'''
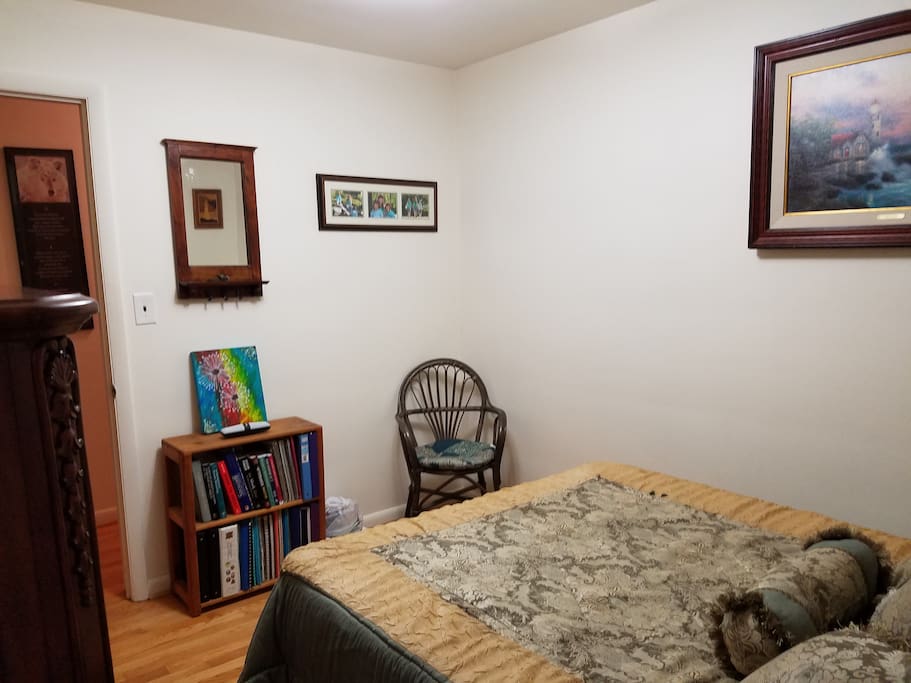 Room For Rent In Annandale Virginia Room For Rent In Annandale Virginia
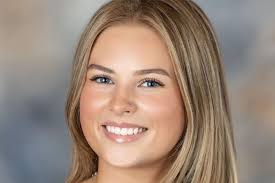 Fundraiser by Crystal Herrell : Support Rylee Rummond's Family in Their  Time of Loss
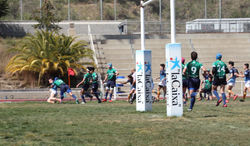 4307212300218378114_IMG_1094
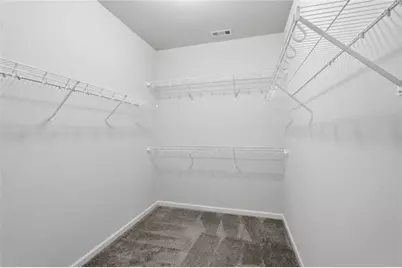 896 Brighton Park Circle, Hoschton, GA 30548 - Photo 29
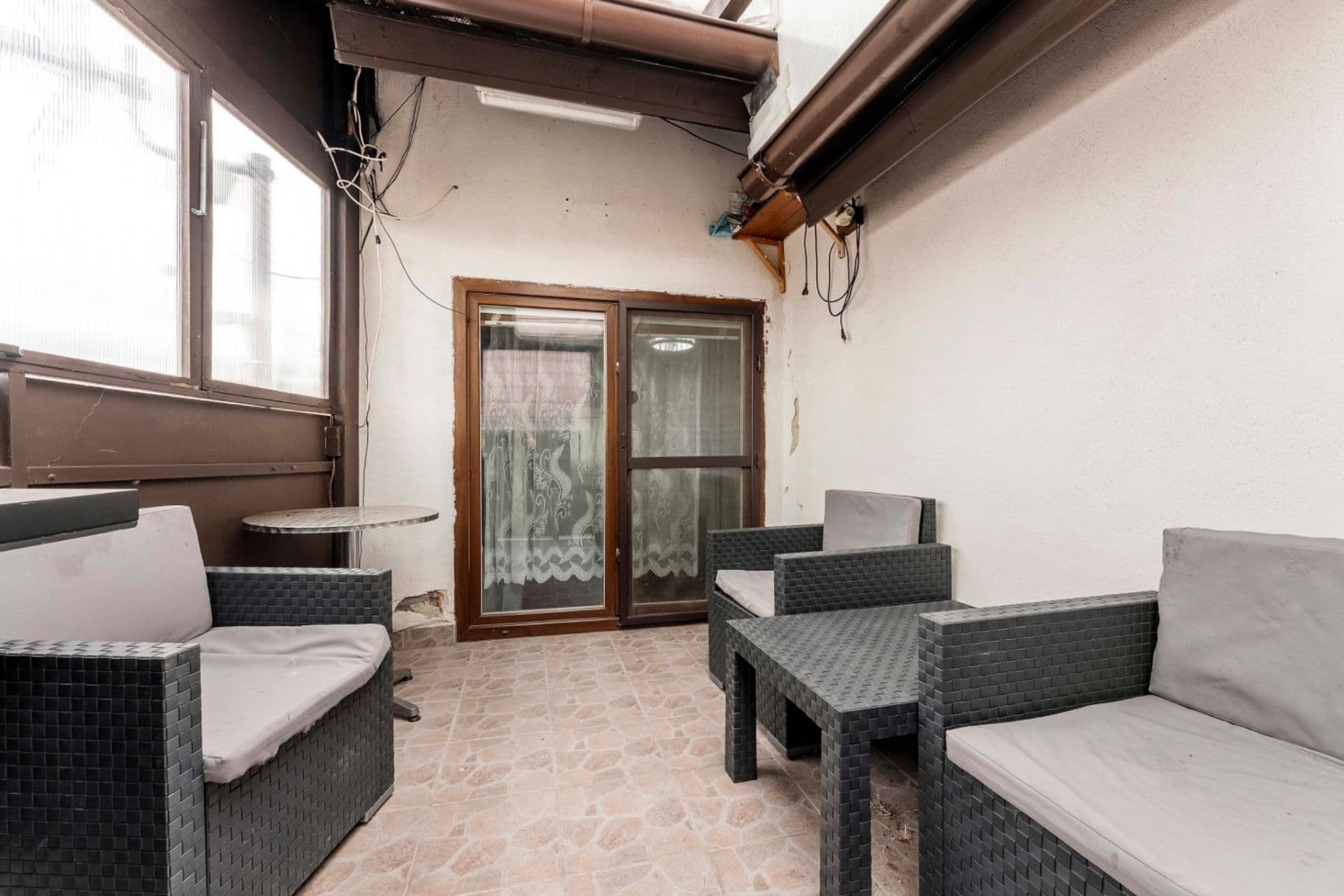 house for sale, 140 m², Voděrady, Jihomoravský Region house for sale, 140 m², Voděrady, Jihomoravský Region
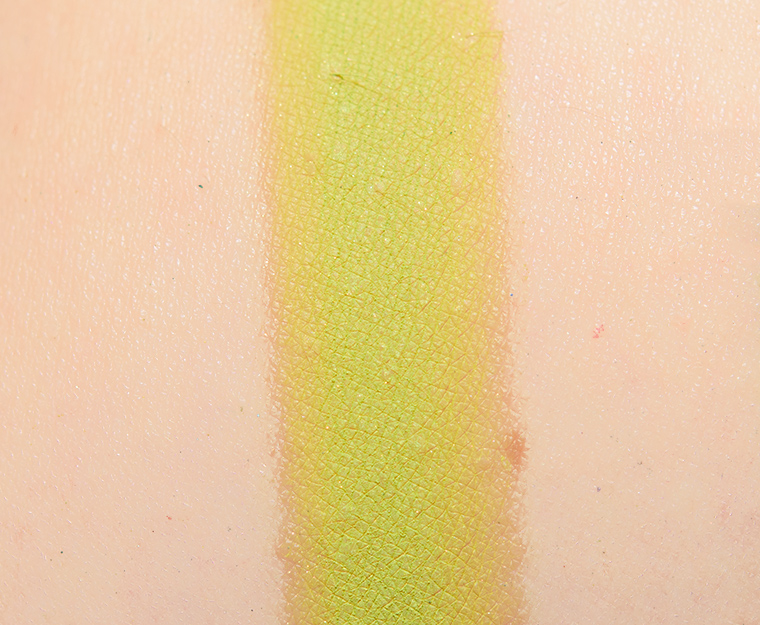 <p class="text-center">ColourPop Stoppp Pressed Powder Shadow</p>
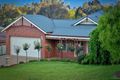 Property photo of 9 Hillock Avenue East Albury NSW 2640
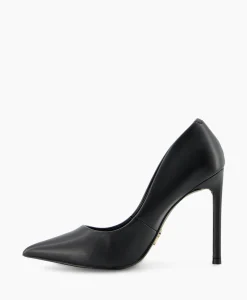 Dames Steve Madden Pumps*Pump Vaze Zwart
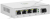   SNR-S1904G-1S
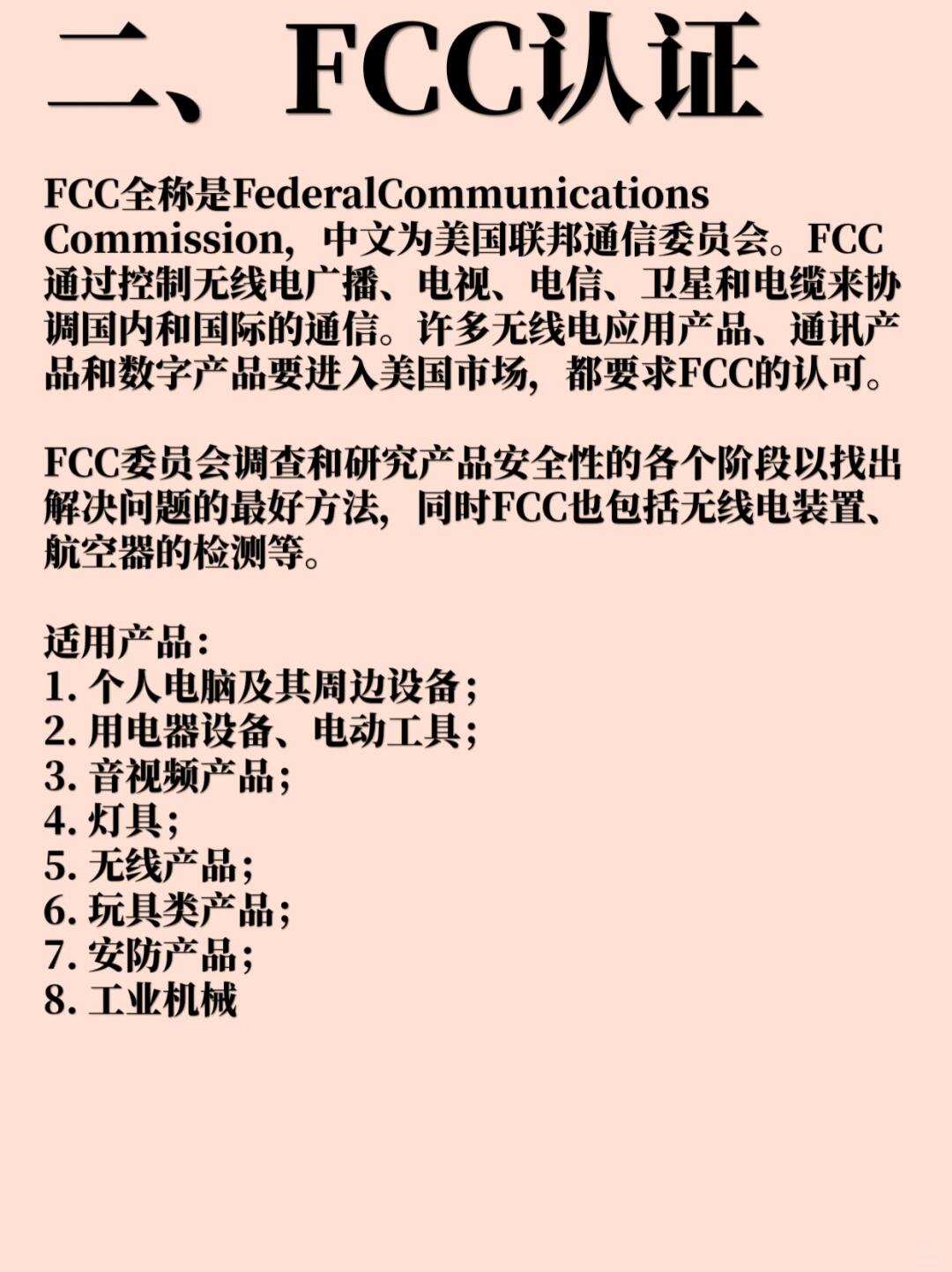 94cf1f0a9ef8ab2c4574bd8f23be0a98.jpg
'''
§ INSTRUCTIONS FOR THE TASK:
Go to the line above holding "4307212300218378114_IMG_1094", then copy exactly each line down to and including the one holding "SNR-S1904G-1S", leaving pictures out.

§ EXERCISE OUTPUT:
 4307212300218378114_IMG_1094
 896 Brighton Park Circle, Hoschton, GA 30548 - Photo 29
 house for sale, 140 m², Voděrady, Jihomoravský Region house for sale, 140 m², Voděrady, Jihomoravský Region
 <p class="text-center">ColourPop Stoppp Pressed Powder Shadow</p>
 Property photo of 9 Hillock Avenue East Albury NSW 2640
 Dames Steve Madden Pumps*Pump Vaze Zwart
   SNR-S1904G-1S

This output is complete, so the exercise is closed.